De chaque côté de la route, l'incendie a tiré au sort les habitations : certaines ont été réduites en cendres, d'autres épargnées par miracle. Seule la malchance connaît ses propres règles, celles qui ont transformé le sud-ouest de Madrid en un enfer de course effrénée, de braises et de cendres tombant du ciel comme une neige chaude qui ne mouille pas. Le ciel, jaune et brumeux, semble indécryptable, tandis que le soleil, inerte et orange comme une braise, brille là-haut avant l'heure. Les bandes d'étourneaux et de palombes traversent le paysage en tous sens, affolées dans ce silence de mort. Les chiens flairent la catastrophe au loin en longeant les limites des propriétés. Quelqu'un, dans la débandade, a ouvert la clôture aux vaches, qui restent immobiles, blanches et comme pétrifiées, incapables de sortir.

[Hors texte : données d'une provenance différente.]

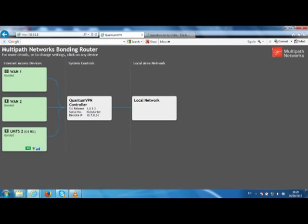The 3G connection is obviously much slower and has a higher latency than the other two. But the multipath router automatically loads each connection and adjusts this load in real time.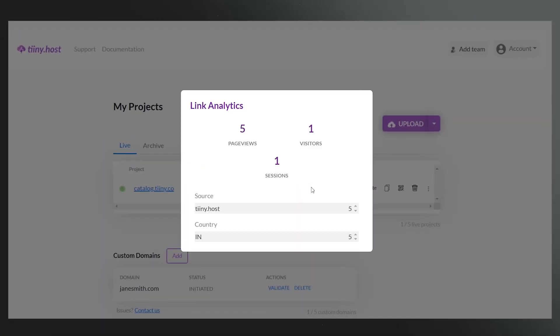Another valuable feature is the analytics. This gives you valuable insights into how your readers interact with your newsletter archive, including number of views, time spent on page, and engagement metrics. This data can help refine your content strategy and help you double down on what's working.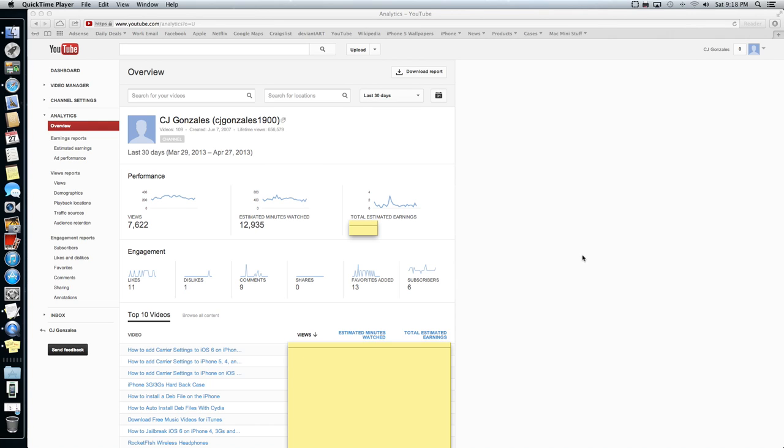What's up guys? A new video here to show you how to check your AdSense earnings. Since April 1st, Google moved the YouTube AdSense earnings and analytics to YouTube.com.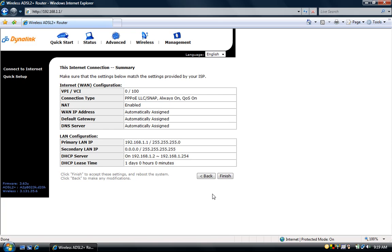Check the network information on this internet connection summary page. Make sure the settings match the information provided by your ISP then click finish.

Les animaux sentent le désarroi mieux que quiconque : certains s'enfuient, d'autres restent sur place, condamnés à périr carbonisés. Dans les branches noircies d'un pin réduit à l'état de charbon, lisse et brillant comme de l'ébène, un petit oiseau, joyeux et décalé, semble vouloir entonner un chant. Ce sera le seul son perceptible, à part le bourdonnement des hélicoptères qui vont et viennent dans le ciel, les sirènes des véhicules de secours et les moteurs des motos slalomant entre les pistes de sable des pinèdes d'Almorox, en direction de l'Encinar del Alberche. C'est là, dit-on, que tout a commencé.

Un paysage lunaire et désolé

Nous parcourons cette zone devenue lunaire et improbable, désormais interdite d'accès. Entre les barrages qui filtrent des milliers de déplacés et les flammes progressant lentement le long des crêtes, tout semble hypnotique, comme une cheminée monstrueuse prête à tout emporter sur son passage. Ici est née la bête, ou du moins l'une d'elles. À la frontière entre Madrid et la Castilla-La Mancha, une partie de la catastrophe s'est déchaînée.

Le hasard a décidé qui survivrait. Les autres n'auront été que des victimes collatérales.

Rapidement, le feu a dévoré l'urbanisation de l'Encinar del Alberche, où les pins fument encore et où l'on marche entre des balançoires carbonisées et des toboggans d'enfants fondus comme de la cire. Les flammes y sont toujours présentes. Sur une porte, quelqu'un a laissé une gamelle d'eau et une écuelle de croquettes pour chats, peut-être pour donner une chance à un animal en fuite. Ni la nourriture ni l'eau n'ont été touchées. Mauvais signe. La seule trace de vie, en dehors de l'oiseau solitaire et poétique qui semble échappé d'un poème de Juan Ramón Jiménez, est un couple de personnes âgées. Ils ont arrêté une vieille Peugeot près des conteneurs. Elle attend sur le siège passager, son sac serré contre elle, tandis qu'il jette un sac-poubelle. Ils ne répondent pas aux questions du journaliste. Comme s'ils n'existaient ni l'un ni l'autre, ou comme si chacun évoluait dans une dimension différente : l'un, celui qui travaille et rentrera ce soir pour écrire ce reportage et se plaindre du bruit des enfants qui l'empêchent de se concentrer ; l'autre, celui qui vient de tout perdre ou a frôlé l'irréparable. Entre ces deux réalités, quelques mètres seulement les séparent. Le hasard fonctionne ainsi.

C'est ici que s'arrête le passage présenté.